La différence cruciale avec le rêveur
Beaucoup confondent visionnaire et rêveur. La distinction est pourtant fondamentale : le rêveur projette ses désirs, le visionnaire perçoit des possibilités. Le rêveur fuit la réalité ou s’en éloigne, le visionnaire la transcende. Le rêveur attend que sa vision se réalise, le visionnaire la construit méthodiquement.
Cette différence se manifeste dans l’approche de l’exécution. Le visionnaire authentique développe rapidement une obsession opérationnelle : comment rendre cette vision concrète ?

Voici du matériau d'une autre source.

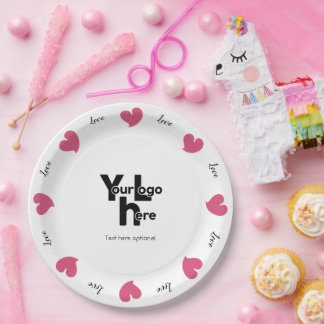 Prato De Papel Hearty Hearts Pink - Custom Text and Logo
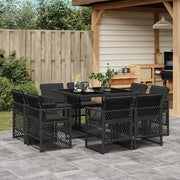 Set da Pranzo da Giardino 9 pz con Cuscini Nero in Polyrattan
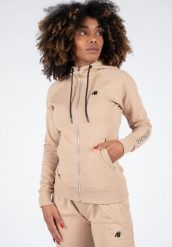 Marion Bluza z kapturem zapinana na suwak - Beżowy. Brązowe bluzy damskie GORILLA WEAR, m, bez wzorów, z bawełny, z kapturem. Za 224.00 zł.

Peut-on devenir visionnaire ?
La question hante les écoles de management qui cherchent à former des visionnaires ? Elles feraient mieux de savoir les détecter pour les faire venir. Mon expérience suggère que certains éléments sont développables, d’autres semblent plus intrinsèques.
Les compétences développables
La capacité à croiser des concepts s’apprend. Mais cela n’est que rarement enseigné, ou mal. La maîtrise d’un domaine s’acquiert. L’empathie se cultive. La tolérance à l’ambiguïté se travaille progressivement, même si c’est dur. Ces éléments constituent le terreau sur lequel la vision peut germer.
Les traits plus mystérieux
En revanche, cette capacité à voir ce qui n’existe pas encore, cette intuition qui se cristallise en conviction inébranlable, cette capacité à fédérer autour d’un projet que 90% des gens trouveront ridicule ou inutile. Ces mécanismes restent largement mystérieux. Ils relèvent probablement d’une combinaison unique de câblage neurologique, d’expériences formatrices, et de contexte favorable.
L’organisation face au visionnaire
Les entreprises établies peinent souvent à intégrer les visionnaires car leur mode de fonctionnement défie les processus classiques, leur horizon temporel dépasse les cycles budgétaires habituels. Enfin, ils ont souvent un rapport au monde et à l’autorité qui complexifient l’intégration dans les organisations classiques. Ainsi ils finissent souvent entrepreneurs ou seuls avec leurs idées.
Pourtant, dans un monde en transformation accélérée, ces leaders créatifs sont indispensables pour créer l’innovation ou les approches obliques face aux marchés. Encore faut-il qu’ils soient bons et qu’on leur laisse les moyens.
La rareté des visionnaires n’est pas un problème à résoudre, mais une réalité à comprendre. Plutôt que de chercher à en former massivement, les organisations feraient mieux d’apprendre à les identifier, les attirer, et créer les conditions de leur épanouissement.
Car si les visionnaires sont rares, il leur manque bien souvent l’environnement et les moyens d’exprimer leurs visions.